### Exercise details
All records below are to be repeated precisely, with nothing added.

-------- Records provided --------

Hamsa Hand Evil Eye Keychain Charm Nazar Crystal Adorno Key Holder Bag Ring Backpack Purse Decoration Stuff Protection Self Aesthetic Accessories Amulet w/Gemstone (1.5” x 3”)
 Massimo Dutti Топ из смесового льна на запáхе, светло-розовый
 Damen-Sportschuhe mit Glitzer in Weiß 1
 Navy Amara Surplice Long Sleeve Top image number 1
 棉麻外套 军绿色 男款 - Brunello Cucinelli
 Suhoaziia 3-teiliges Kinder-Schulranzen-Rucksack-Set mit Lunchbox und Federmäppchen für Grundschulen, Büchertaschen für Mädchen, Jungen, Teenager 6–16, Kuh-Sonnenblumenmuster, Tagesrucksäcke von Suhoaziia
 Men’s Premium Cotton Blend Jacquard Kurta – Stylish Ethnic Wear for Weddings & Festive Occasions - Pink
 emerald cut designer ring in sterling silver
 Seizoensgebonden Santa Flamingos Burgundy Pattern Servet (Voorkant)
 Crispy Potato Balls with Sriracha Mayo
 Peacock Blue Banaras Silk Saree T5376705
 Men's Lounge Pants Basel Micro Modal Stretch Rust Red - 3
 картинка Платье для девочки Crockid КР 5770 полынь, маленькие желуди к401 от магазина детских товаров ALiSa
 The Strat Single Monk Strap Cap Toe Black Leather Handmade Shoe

--------

### Response to this task
Hamsa Hand Evil Eye Keychain Charm Nazar Crystal Adorno Key Holder Bag Ring Backpack Purse Decoration Stuff Protection Self Aesthetic Accessories Amulet w/Gemstone (1.5” x 3”)
 Massimo Dutti Топ из смесового льна на запáхе, светло-розовый
 Damen-Sportschuhe mit Glitzer in Weiß 1
 Navy Amara Surplice Long Sleeve Top image number 1
 棉麻外套 军绿色 男款 - Brunello Cucinelli
 Suhoaziia 3-teiliges Kinder-Schulranzen-Rucksack-Set mit Lunchbox und Federmäppchen für Grundschulen, Büchertaschen für Mädchen, Jungen, Teenager 6–16, Kuh-Sonnenblumenmuster, Tagesrucksäcke von Suhoaziia
 Men’s Premium Cotton Blend Jacquard Kurta – Stylish Ethnic Wear for Weddings & Festive Occasions - Pink
 emerald cut designer ring in sterling silver
 Seizoensgebonden Santa Flamingos Burgundy Pattern Servet (Voorkant)
 Crispy Potato Balls with Sriracha Mayo
 Peacock Blue Banaras Silk Saree T5376705
 Men's Lounge Pants Basel Micro Modal Stretch Rust Red - 3
 картинка Платье для девочки Crockid КР 5770 полынь, маленькие желуди к401 от магазина детских товаров ALiSa
 The Strat Single Monk Strap Cap Toe Black Leather Handmade Shoe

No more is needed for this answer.